→ Requirement
The entire listing, reproduced exactly and stripped of images, is the expected output.
------ Listed entries
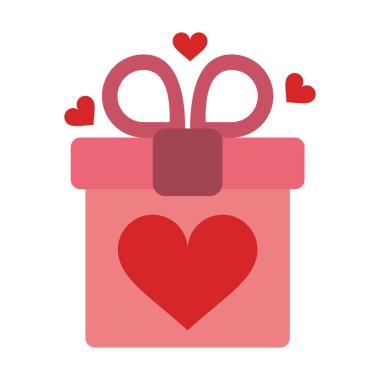 Hediye kutusu ile kalpleri aşk sembolü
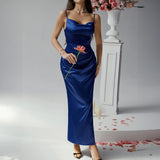 Dili 2025 Spring/Summer Dresses Casual Sexy Solid Color Suspension Dresses Evening Dresses
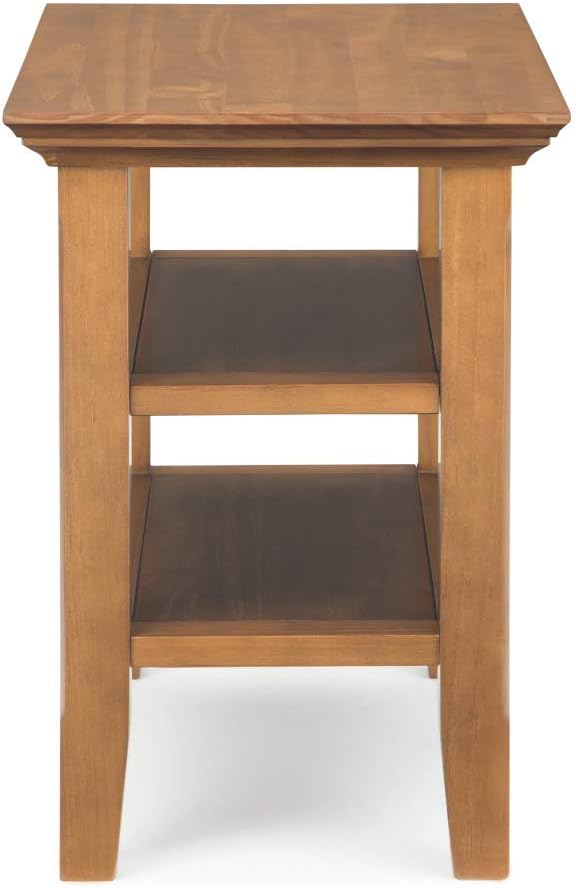 SIMPLIHOME 14" Solid Wood Narrow Side Tables with Storage - 1 Drawer & Shelf in Light Golden Brown and 2 Shelves in Light Golden Brown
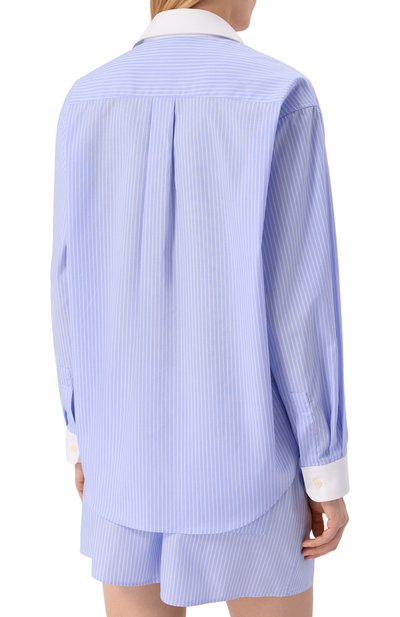 Хлопковая рубашка SPORTY AND RICH голубого цвета по цене 31450 руб., арт. SI01966302ST08, фото 4 Хлопковая рубашка SPORTY AND RICH, арт. SI01966302ST08, фото 4
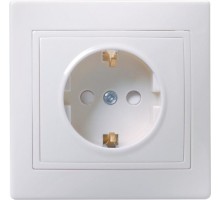 Розетка IEK Кварта РСш10-3 1-м сп 16а ip20 с заземл. защ. шторки бел. ERK11-K01-16-DM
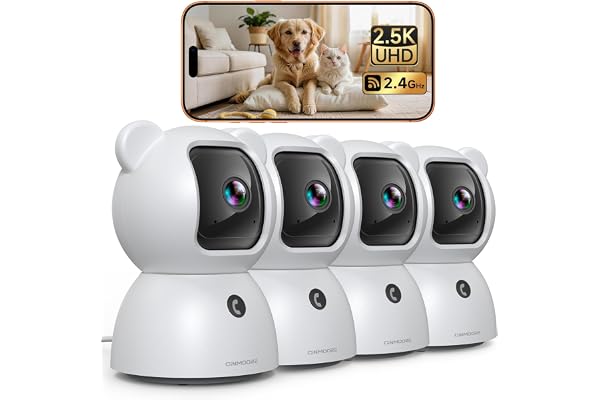 4 Pack 2.5K Cameras for Home Security, Non-Subscription AI Human/Pet/Crying Detection, CINMOORE 4MP Camera Indoor with Phone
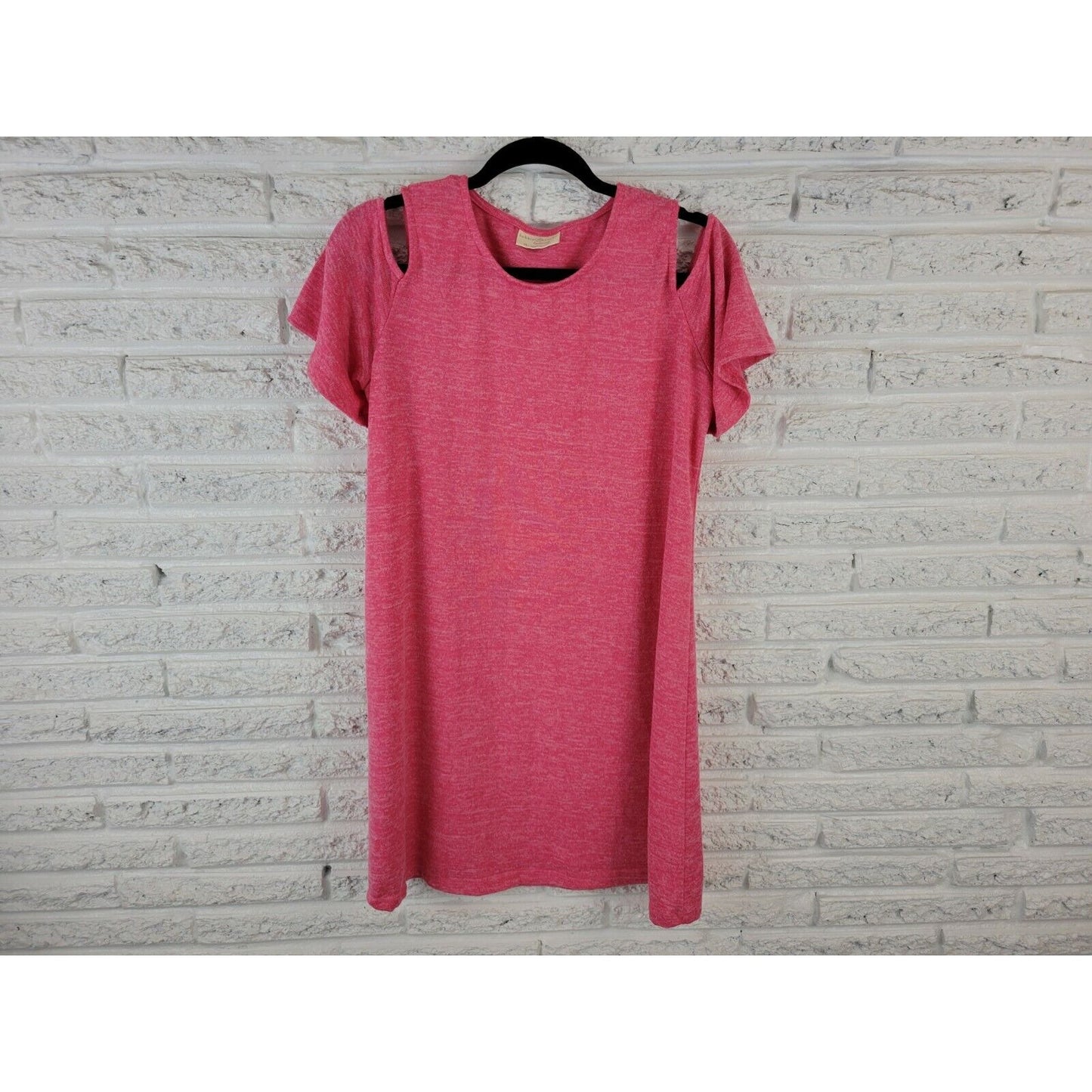 Bobbie Brooks Womens Dress Extra Large Shirt Knit Pink Cold Shoulder Casual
------------
→ Output below
 Hediye kutusu ile kalpleri aşk sembolü
 Dili 2025 Spring/Summer Dresses Casual Sexy Solid Color Suspension Dresses Evening Dresses
 SIMPLIHOME 14" Solid Wood Narrow Side Tables with Storage - 1 Drawer & Shelf in Light Golden Brown and 2 Shelves in Light Golden Brown
 Хлопковая рубашка SPORTY AND RICH голубого цвета по цене 31450 руб., арт. SI01966302ST08, фото 4 Хлопковая рубашка SPORTY AND RICH, арт. SI01966302ST08, фото 4
 Розетка IEK Кварта РСш10-3 1-м сп 16а ip20 с заземл. защ. шторки бел. ERK11-K01-16-DM
 4 Pack 2.5K Cameras for Home Security, Non-Subscription AI Human/Pet/Crying Detection, CINMOORE 4MP Camera Indoor with Phone
 Bobbie Brooks Womens Dress Extra Large Shirt Knit Pink Cold Shoulder Casual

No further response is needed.